Before creating an operator in XFL, you need to first create the directory and files where the operator will be located. The built-in operators in XFL are stored in the python/alogorithm/framework folder. To create a new operator, first, create the operator directory in consistent with the form federation type [1] / algorithm name, second, create the corresponding .py file according to the federation role [2] that the operator will involve with. Take the creation of Vertical Xgboost operator as an example. The federation type is vertical and the algorithm name is xgboost. The operator includes two roles: label_trainer and trainer.
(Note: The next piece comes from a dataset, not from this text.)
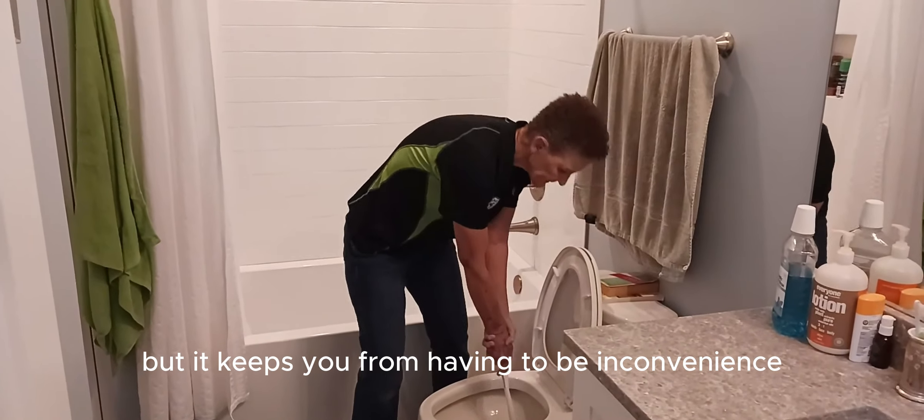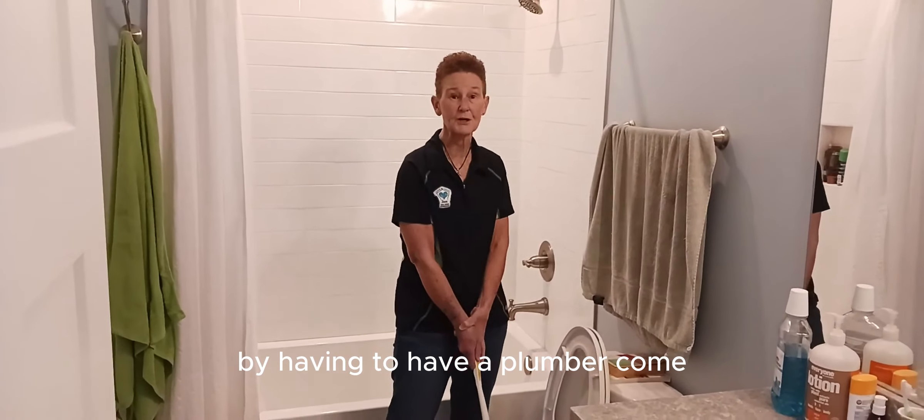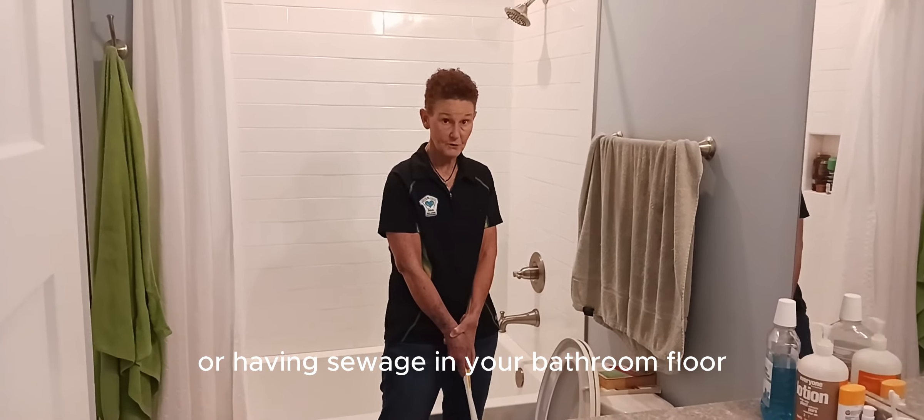It sounds gross, but it keeps you from having to be inconvenienced by having to have a plumber come or having sewage on your bathroom floor.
Therefore, the file structure should be as follows:
| — vertical | | — xgboost | | | — label_trainer.py | | | — trainer.py
After creating the operator files, you need to create corresponding operator classes for each federated role. XFL supports automatic discovery of operators, which requires the developers to follow the following naming rules to name the class of operator. The operator name is obtained by the following steps:
- Concatenate the federation type, algorithm name, and federation role by underscore '_';
- Switch the first letter and the letters right after the underscores to uppercase;
- Remove the underscores to get the class name.
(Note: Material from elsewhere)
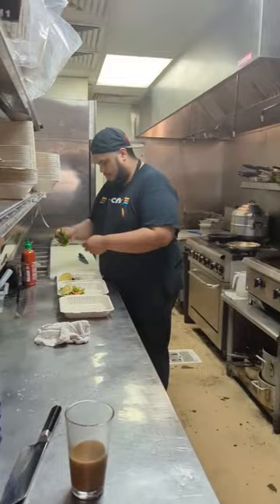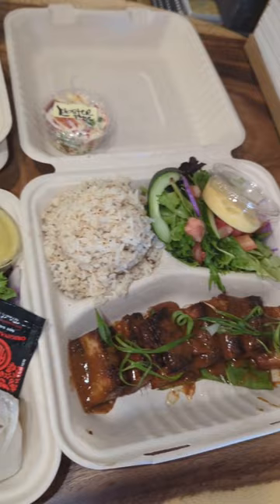They also have some plate lunch specials as well. We went with the miso pork belly, got it with a side of their garlic fried rice, their salad, and their calamansi dressing, which is also available at Foodland. This pork belly was super tender and packed with that miso flavor.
Taking Vertical Xgboost operator as an example, you need to create class VerticalXgboostLabelTrainer in 'label_trainer.py', and class VerticalXgboostTrainer in 'trainer.py'. All operators accept a dictionary type parameter 'train_info'. Each class should implement a function called 'fit', where the training process is expected to be implemented in. For example:
class VerticalXgboostLabelTrainer():
def __init__(self, train_conf):
pass
def fit(self):
pass
class VerticalXgboostTrainer():
def __init__(self, train_conf):
pass
def fit(self):
pass
The operator takes 'train_conf' as input, which is of type dict. The content of train_conf is read from the configuration(json format) of this operator for each party. The major parameters define in 'train_conf' is as follows:
{
"identity": "label_trainer",
"model_info": {
"name": "vertical_xgboost",
"config": {
}
},
"input": {
},
"output": {
},
"train_info": {
}
}
In the above, identity specifies the role of party who call the operator. It should be one of label_trainer, trainer, and assist_trainer. model_info.name is the name of the operator which consists of operator type (horizontal, vertical or local) and algorithm name concatenated by a underscore, model_info.config defines the construction of the model(if it is needed). train_info is supposed to contain parameters for training.
An operator should contain at least two functions, __init__ and fit. XLF initializes the operator by __init__, and trains the operator by calling fit function. We suggest to put the code that called only once into __init__ function, such as initialization of dataset, model, loss function, metric, optimizer, and communication channel.
XFL encapsulates a concise communication module based on grpc and redis. This communication module provides two modes of communication: point-to-point communication and broadcast communication. Developers can create channels, send and receive data by using this module.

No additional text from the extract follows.